This article was originally posted here on Entrepreneur.com.
(Infographic) The 20 Most Common Reasons Start-ups Fail And How To Avoid Them
These do’s and don’ts can make or break your start-up.
So, you have a great new idea or invention, and you are ready to open your start-up business. But, you’ve been scared by the well-publicised statistic about start-up failure – more than 50 percent of small businesses fail in the first four years.
Opening and operating a successful start-up requires some luck hard-work and thoughtful planning – as well as the ability to adapt that plan. Having been involved as a consultant to numerous start-ups over the past decade, I have seen some fail, some achieve a modicum of success, and some make it big.
Here are a few do’s and don’ts that will help guide your start-up to the promised land:
- Don’t think that a great idea or a great product is enough. The start-up graveyard is littered with amazing ideas and products that have failed.
- Do have a business plan that includes every aspect of how you will run your operation and how it will be successful. It should include all anticipated costs, marketing, manufacturing, the technology required and staffing. A business plan should also include how you will market and sell your product.
- Don’t think your idea or product is original and because you and your friends think it’s amazing, means that it is and there’s a market for it.
- Do lots of research before you spend your money. As a consultant, I have on three separate occasions been asked to help with a business plan for a start-up, where I discovered almost exactly what they are doing has been tried before and failed. In two of those instances, the previous failures indicated that the idea wasn’t good. In the third instance, we were able to learn from the previous mistakes and actually make a successful run at it. The number one reason start-ups fail is that there is no market for their offering.
- Don’t assume you will get financing other than the money you start with from yourself, family and friends. Only a very small percentage of start-ups get Venture Capital (VC) funding and in fact, the funding bubble has burst. And that means early-stage start-ups are getting little or no love from outside equity firms.
- Do assume the initial funding you have will be all you get, so the goal is to have the lowest burn rate possible. Therefore, your initial business plan should have a route to profitability and sustainability before the money runs out. The number two reason start-ups fail is that they run out of money.
- Don’t think that your expert knowledge of your business, a well-developed business plan and proficiency in PowerPoint are enough to craft an investor deck that will get a private equity firm’s attention.
- Do hire an expert consultant who has done this before.
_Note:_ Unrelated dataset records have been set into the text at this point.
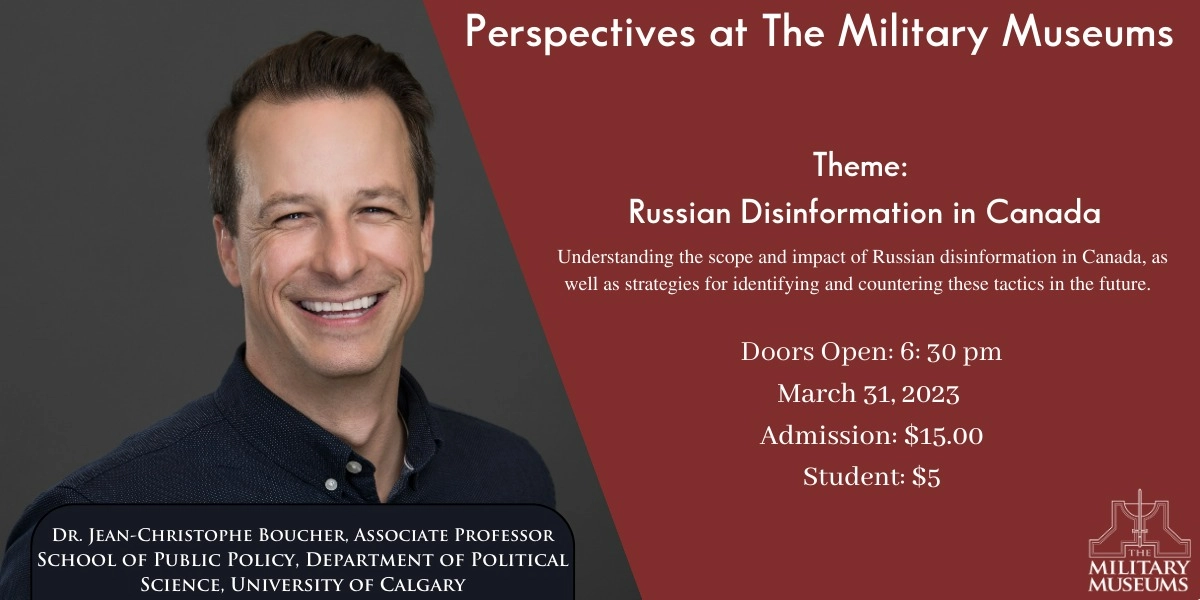 Event image for Perspectives: Russian Disinformation in Canada
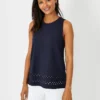 Petite Ric Rac Hem Tank Top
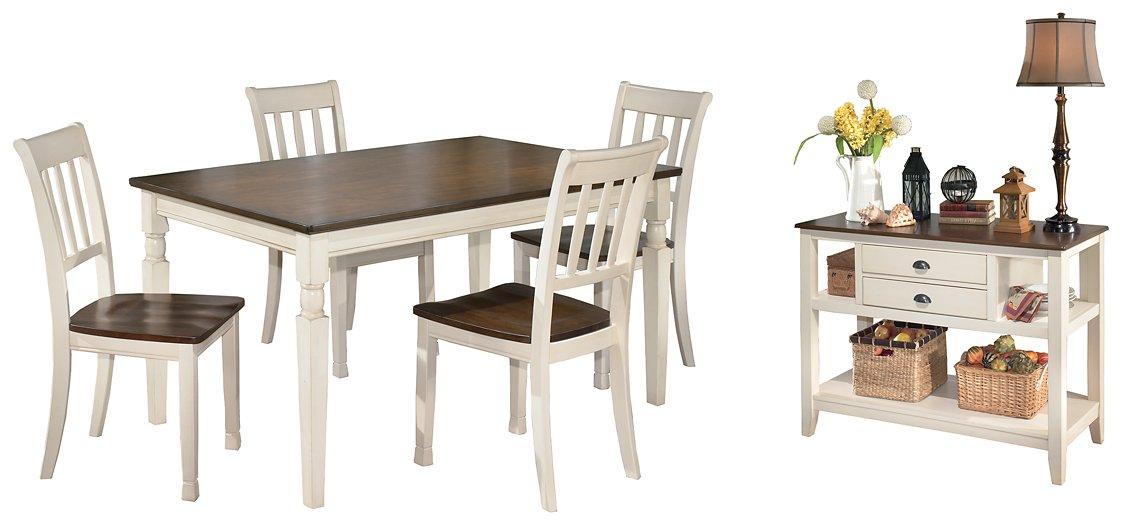 Whitesburg Dining Set - Furniture Bros & Mattress (Bolingbrook, IL)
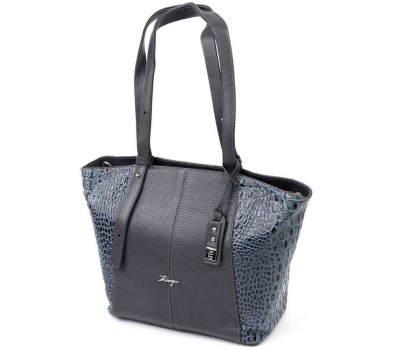 Ділова жіноча сумка KARYA 20833 шкіряна Сірий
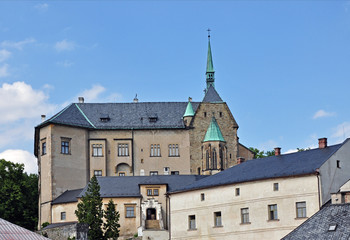 Fototapeta na wymiar State Castle Sternberk in Moravia, Czech Republic ..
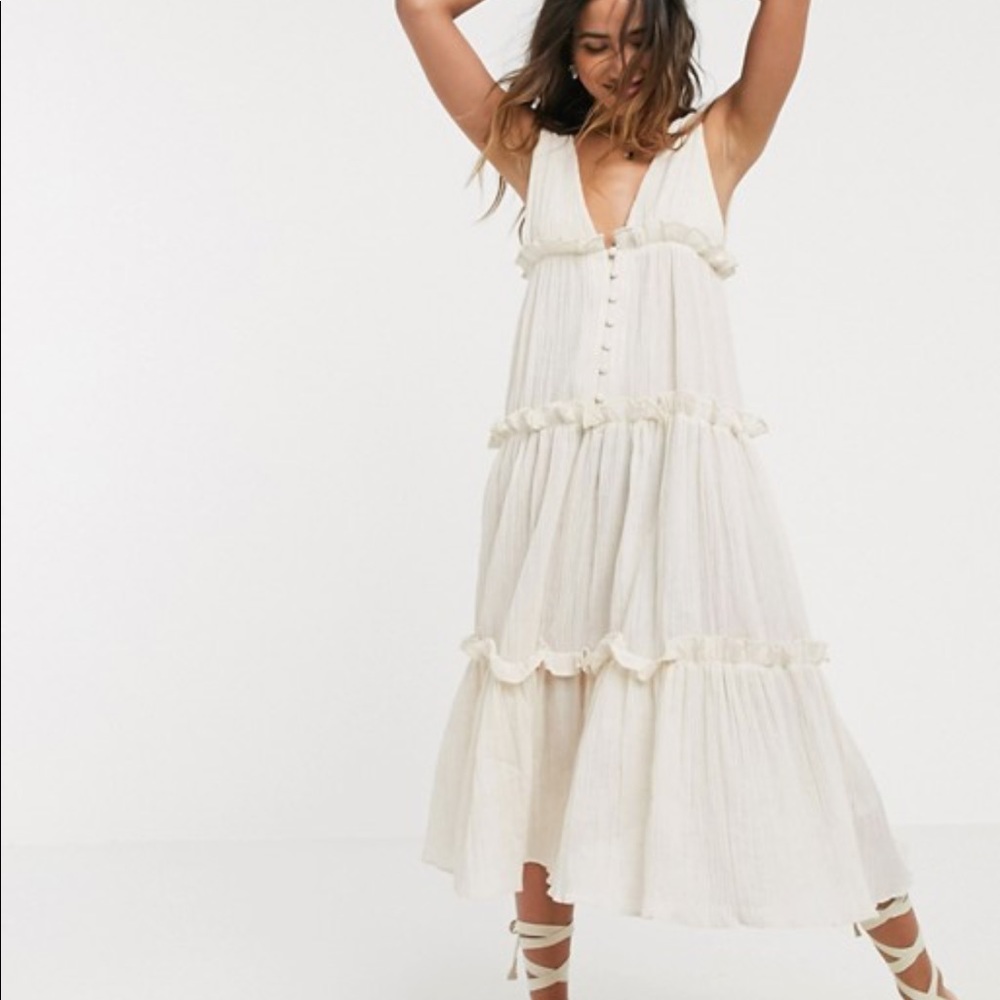 ASOS button front midi sundress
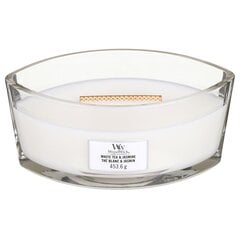 WoodWick ароматическая свеча White Tea & Jasmine, 453,6 г цена и информация | Подсвечники, свечи | pigu.lt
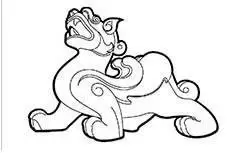 招财貔貅简笔画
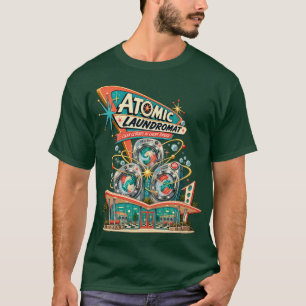 Atomaire Wasserij Retro Heren T-shirt uit de Jaren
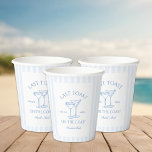 Laatste Toast op de Coast Beach Bachelorette Papieren Bekers<br><div class="desc">Dit ontwerp is voorzien van trendy vette tekst,  strandvibes met handgetekende cocktails.</div>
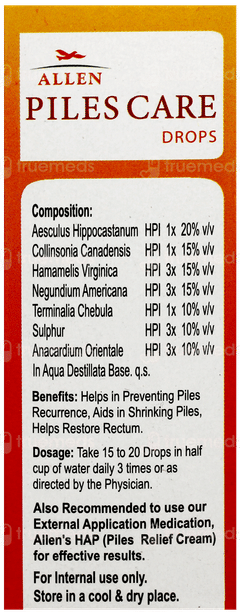 Allen A26 Piles Drops 30Ml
VCs can smell an embellished or amateurish deck 100 miles away. You typically only get one look by a potential investor, so make sure your investor deck is the absolute best it can be.
- Don’t assume that technology will be easy or come as scheduled. In almost every start-up I have been involved with, where the need for technology advancement was crucial to success, there were unanticipated issues and delays.
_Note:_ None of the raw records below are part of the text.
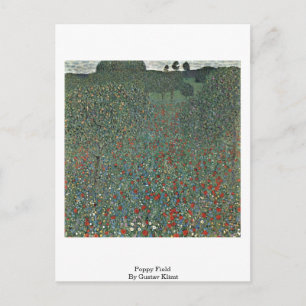 Cartão Postal Poppy Field Por Gustav Klimt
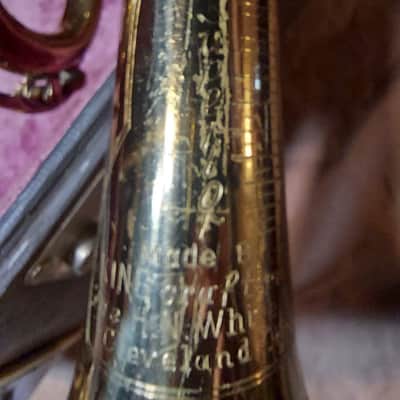 King Cleveland Superior Bb Trumpet Brass with Case, USA image 3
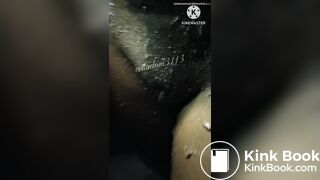 She is cover with her scat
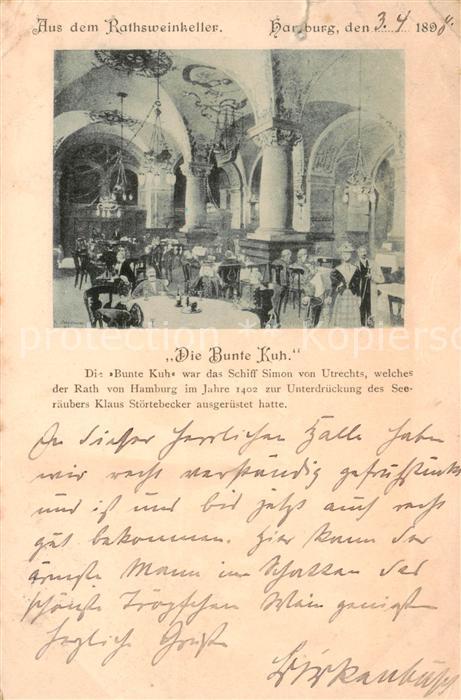 HAMBURG  CITY Aus dem Rathsweinkeller Die Bunte Kuh
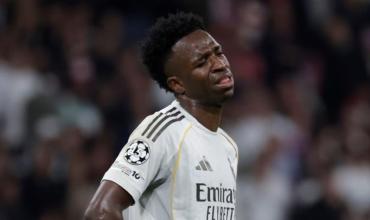 El mal momento de Vinicius en el Real Madrid: le anularon un gol, lo expulsaron y reaccionó con furia contra el árbitro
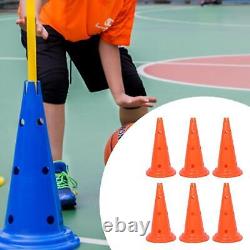 6 Pieces Training Cones Orange for Speed Training Basketball Obstacle Course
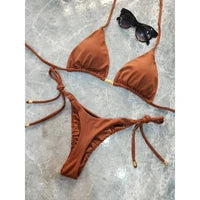 Sunny Dots Triangle Bikini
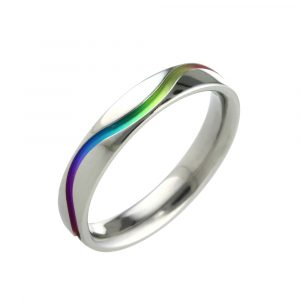 Adorn Jewellers of Chesterfield Rainbow Titanium Ring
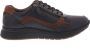 Australian Sneaker Hatchback Leather 15.1607.02-S12 Blue Tan - Thumbnail 1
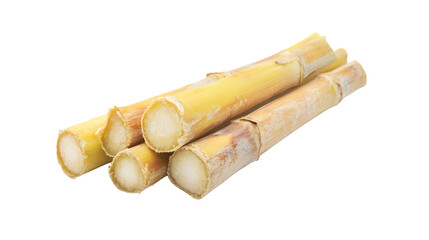 Wall Mural - Sugar cane with clipping path and full depth of field, isolated on white background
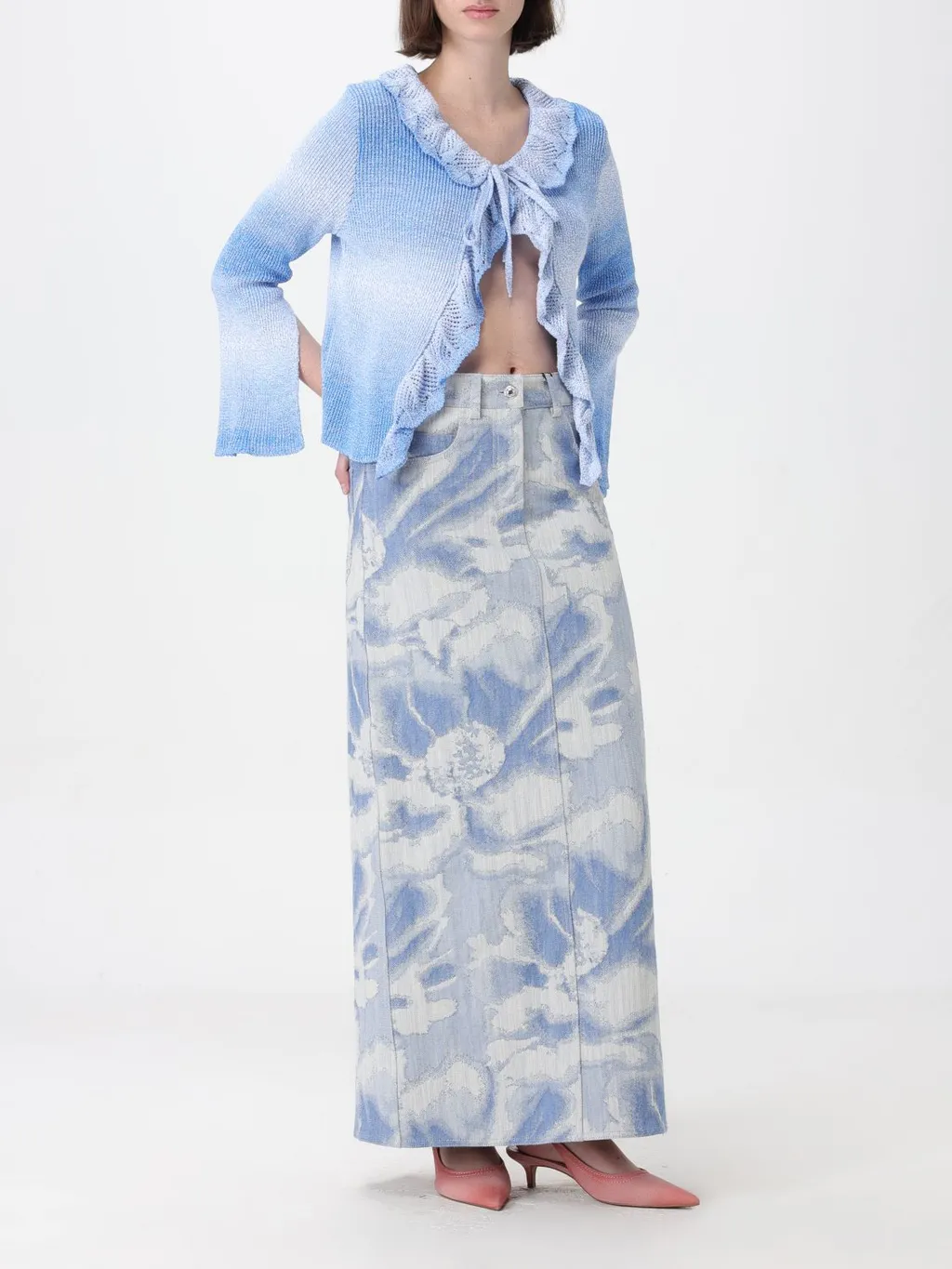 Frilled-Detail Cardigan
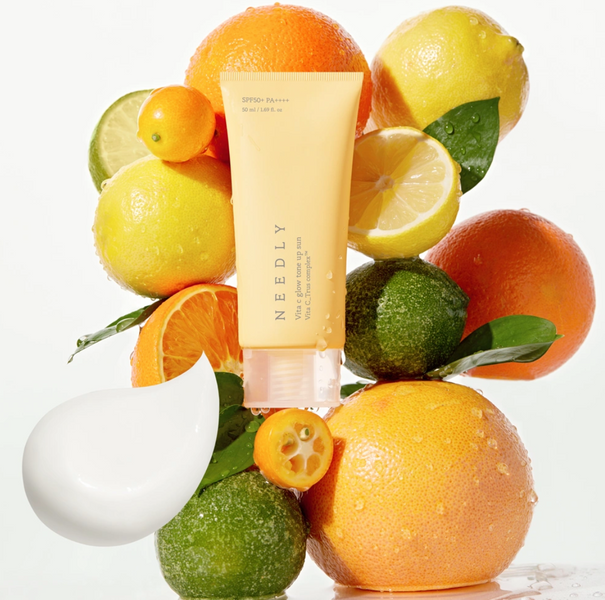 Сонцезахисний крем з ефектом освітлення та сяйва Needly Vita C Glow Tone Up Sun SPF 50+ PA++++, 50 ml needly023 фото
- Do assume that there will be delays in technological deliveries and therefore you need to leave a buffer for that in your business plan. Do have a competent development team and if they are not performing, replace them as soon as possible.
- Don’t think that you can go at this alone or that it will be easy to assemble a winning team.
- Do select your team members carefully, trying to add as much diversity as possible. The most successful start-ups that I have seen have mixed experience and newbies as well as the more traditional kind of diversity. The number three reason startups fail is that they have the wrong team.
- Don’t think customers are just waiting for your offering and investors will be lining up to give you money simply because your idea is amazing – even if you have been a successful serial entrepreneur in the past.
- Do be humble and realistic about everyone you meet. Relationships are a key to success, and like with personal relationships, if you want to be successful, be sure you see yourself as others see you. I have witnessed a lack of self-awareness and a big ego from owner’s doom potentially successful start-ups.
- Don’t think you are leaving a nine-to-five job for the easy and flexible life of being your own boss. A start-up is a seven-day-a-week occupation and now it’s your money and reputation that are solely on the line.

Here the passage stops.